Senate Majority Leader Bob Dole opened an unexpected second front Wednesday in the Republicans’ battle with President Clinton: foreign policy.
The Kansas senator said he may try to block any spending to implement Clinton’s nuclear weapons deal with North Korea, and he introduced bills to lift the U.N. arms embargo on Bosnia and slash U.S. spending on U.N. peacekeeping missions, including the current deployment of troops in Haiti.
If Congress’ new GOP majority follows his lead, it would be a major break from a long-standing - if not always honored - tradition of bipartisanship in foreign policy.
“Where we can cooperate, we plan to cooperate, … particularly in areas of foreign policy,” Dole said, invoking the bipartisan ideal.
But he said he would seek early Senate hearings on the Clinton administration’s deal with North Korea, and aides said he actively is considering trying to stop the arrangement.

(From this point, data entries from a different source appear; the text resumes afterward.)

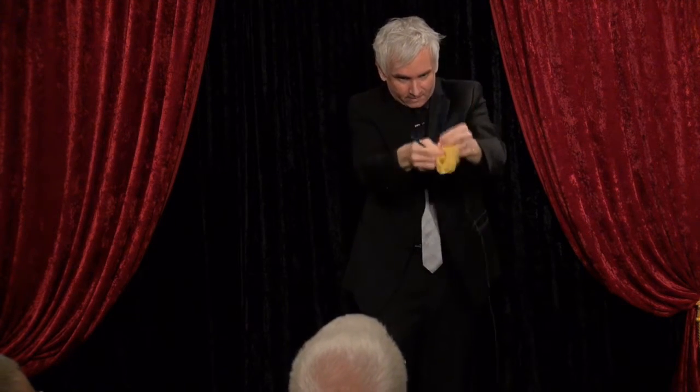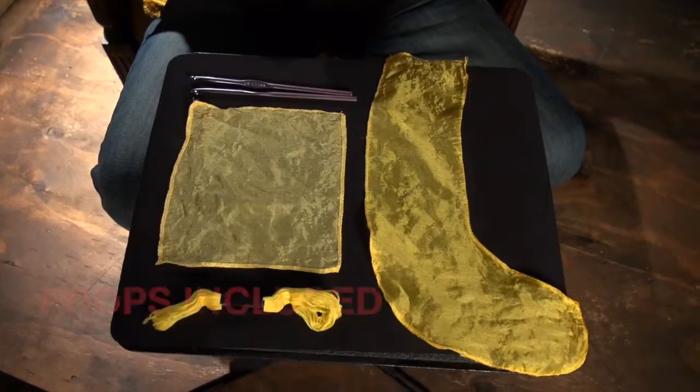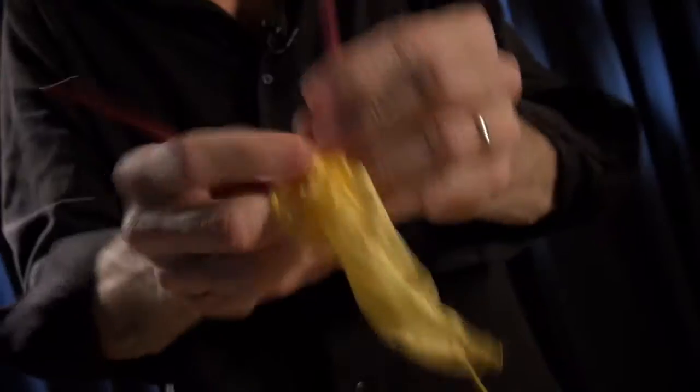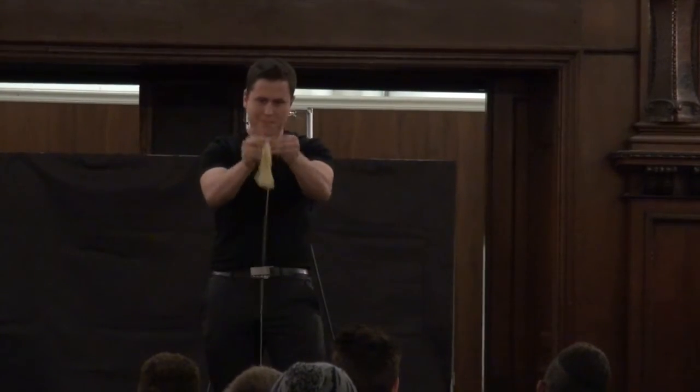Imagine showing a spool of thread and two crochet hooks — moments later, you instantly crochet a silk or sock shape. What would normally take hours incredibly happens in just seconds, bringing your audience a hilarious visual production.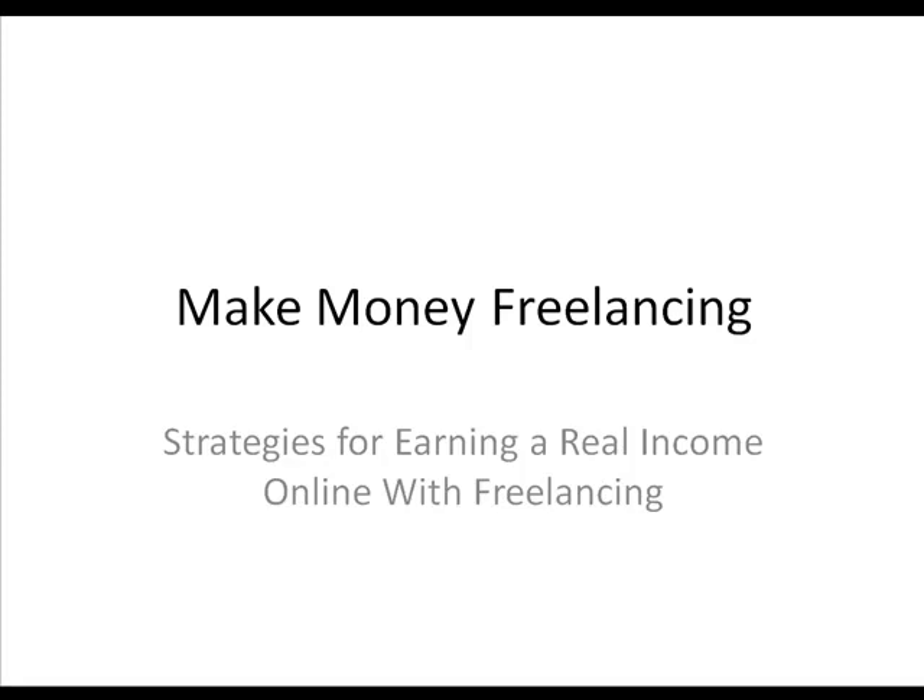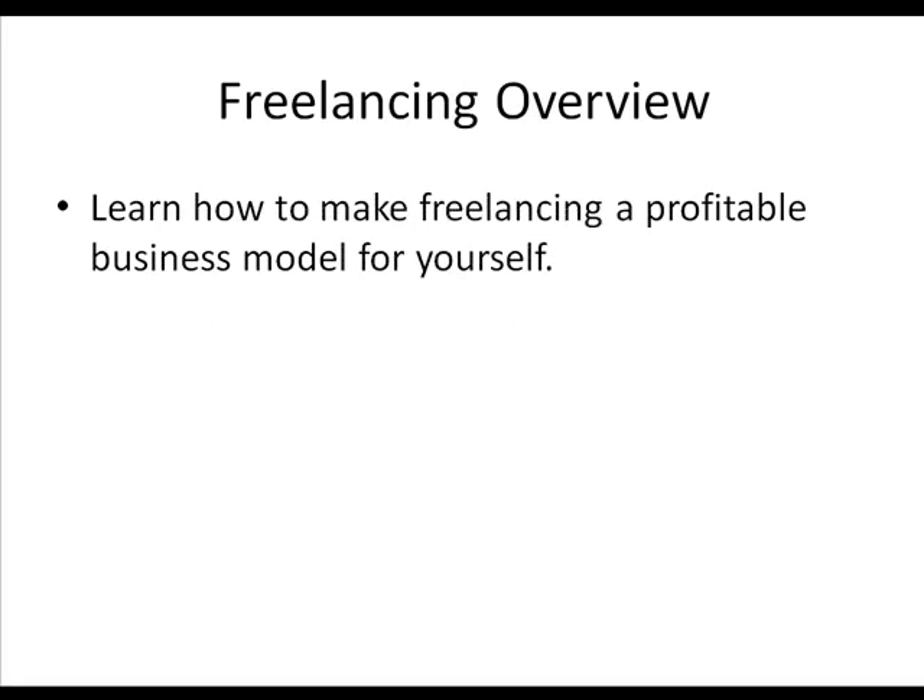In this short video series, we're going to cover how to make money online with freelancing. We're going to show you some real strategies you can use to start making a real income on the internet. We're going to start with a brief overview of freelancing, and throughout this video you're going to learn how to make freelancing a profitable business model for yourself.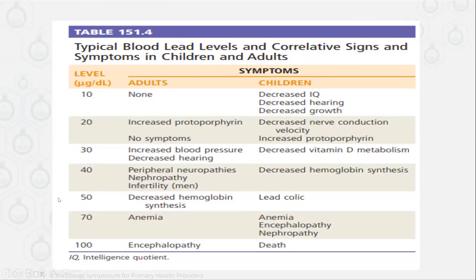The symptoms will depend on the lead level. As you can see in this table, if the patient has 10 micrograms per deciliter of lead in adults, they might have no symptoms. But in children, they might have decreased hearing, decreased growth, or decreased IQ. But if the patient has a high amount of lead — like 100 micrograms per deciliter — the patient will have encephalopathy and possibly death, and in children it might lead to death even at that level in adults.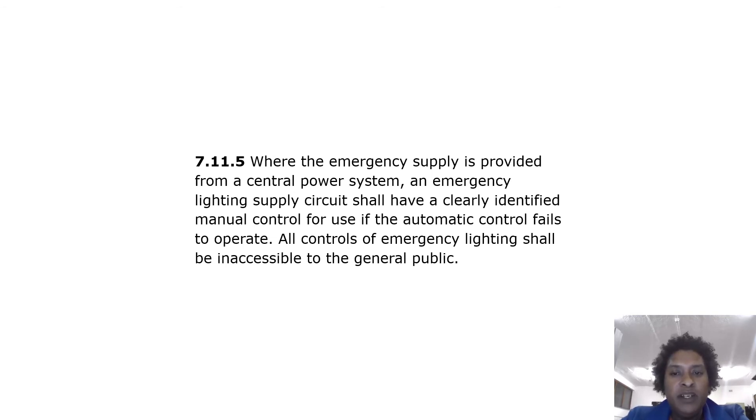The manual control is for use if the automatic control fails to operate. All controls of emergency lighting shall be inaccessible to the general public.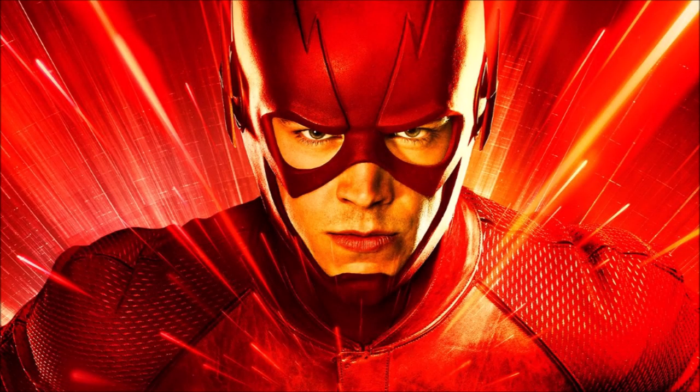Hey guys, Ben here and welcome back to another video on The Flash Season 5. We've got a bunch of Q&A questions to go over that you've sent me over the past few weeks. I've been asking for them occasionally, so I've sifted through some of the questions that I've posted on Twitter and also on the community tab, so stay up to date on all of those if you want your theories or ideas to be put into the videos.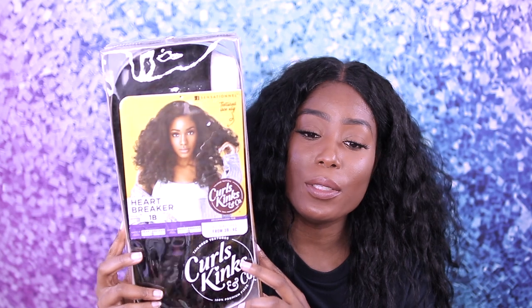Hey guys, welcome back to my channel! In today's video we are doing another wig tutorial. I've been wearing wigs like this lately because they look so natural. This week I'm going to show you the wig we are going to be trying out — this is the Sensational textured lace wig called Heartbreaker in color 1B.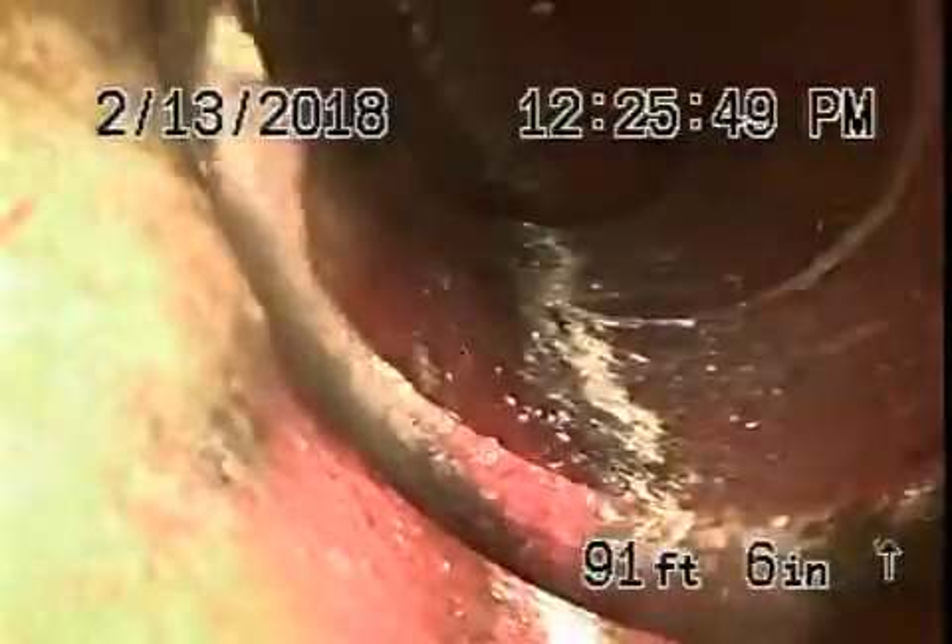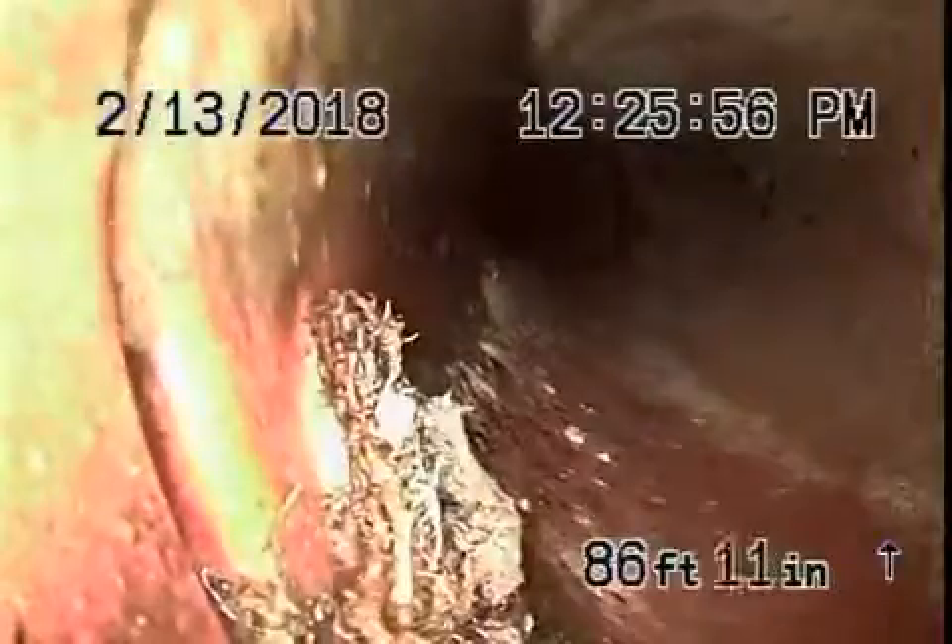We have a six-inch clay lateral coming back. It appears to be in pretty fair condition — looks pretty good. Very minor little roots over there, nothing serious.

Under the agreement negotiated last year, North Korea agreed to stop producing plutonium in exchange for an estimated $4 billion in aid, almost all of it provided by South Korea and Japan. But the United States agreed to supply about $4.7 million worth of fuel oil this month to help meet the communist country’s immediate energy needs.
Dole has called the pact “a lousy deal,” objecting particularly to any U.S. aid to North Korea.
White House officials, hoping to head Dole off, warned he is making a political mistake. “I’m not sure the Republicans will get away with across-the-board opposition” on foreign policy, a senior official said. “I think the Republicans have to be selective in where they confront the administration, or the American people will conclude that this is simply partisanship.”
The White House official also said the deal with North Korea “is working. We have frozen the North Korean (nuclear) program.”
Dole, 71, has said he may run for the Republican nomination for president next year.
Dole’s bill on Bosnia would require Clinton to break with the U.N. arms embargo by May 1 and allow U.S. weapons to flow to the Muslim-led government there unless peace has been achieved.
The State Department criticized the proposal, saying it could disrupt the recently won cease-fire and could lead to a need for U.S. troops to enter the conflict. “It is just the wrong thing to do at this very important point,” State Department spokesman Mike McCurry said.
But Dole said the threat of U.S. arms shipments would provide “leverage” to force Bosnian Serb rebels, who have been winning on the battlefield, to make a deal with the Bosnian government.
Dole’s peacekeeping bill would restrict U.S. support for U.N. peacekeeping operations by requiring the administration to find the money to pay for any future missions before voting for them in the U.N. Security Council. And it would slash funding by counting any money spent on U.S. missions like the Haiti operation against the U.S. contribution to the United Nations.
That provision, if in effect now, would stop the administration from paying for any further U.N. operations in Haiti. But a Dole aide said it probably won’t have any practical effect in Haiti because the law isn’t in force yet.